Requirement:
Return exactly the lines from the one containing "Emilia Villegas, pelota a paleta" through the end of the material below, and leave the images out.

The data:
-- Opening Marker --
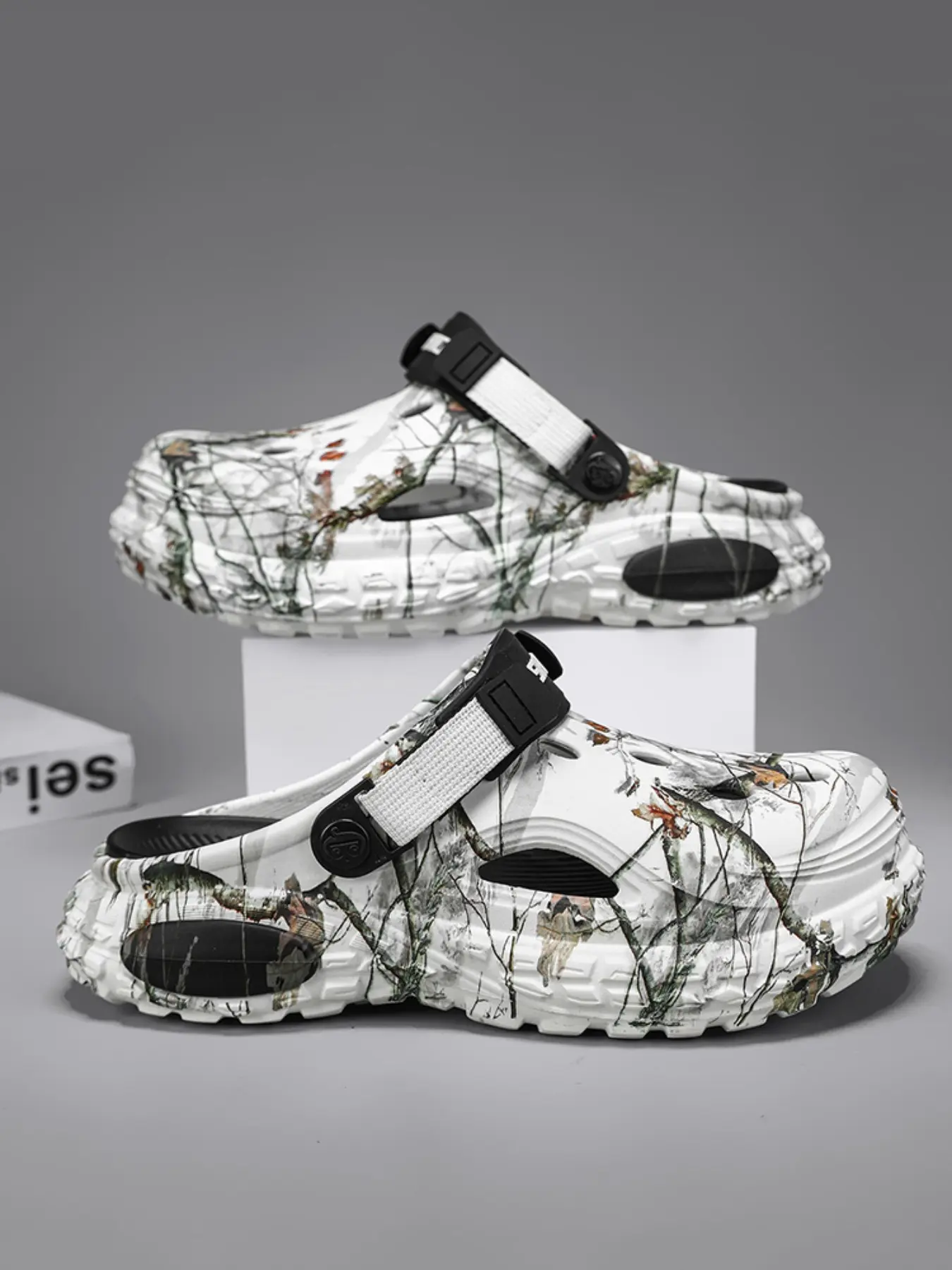 Summer New Men's Camouflage Thick Sole Holey Shoes, Anti-Slip Breathable Sandals, Sizes 39-48, Outdoor Beach Walk, Garden Work, Daily Wear, Outdoor Summer Slippers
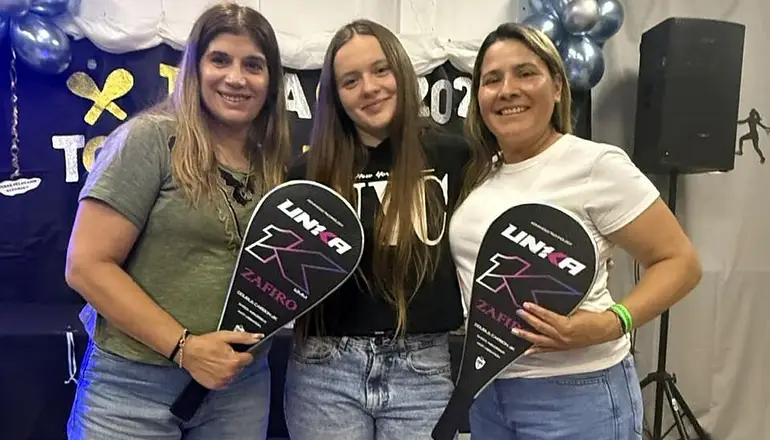 Emilia Villegas, pelota a paleta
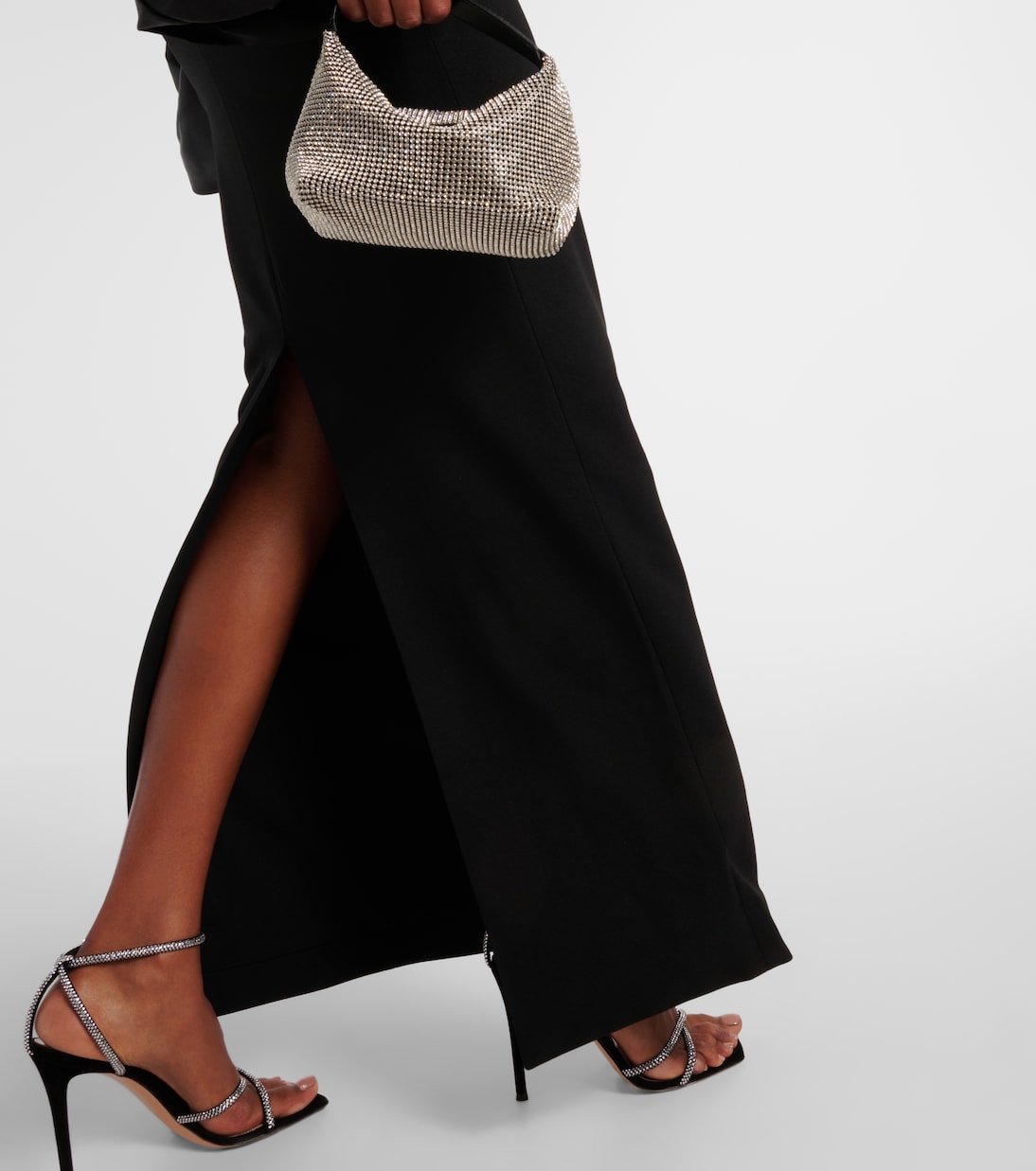 Off-Shoulder-Robe Talia aus Crêpe | Solace London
-- Closing Marker --
Solution for this problem:
 Emilia Villegas, pelota a paleta
 Off-Shoulder-Robe Talia aus Crêpe | Solace London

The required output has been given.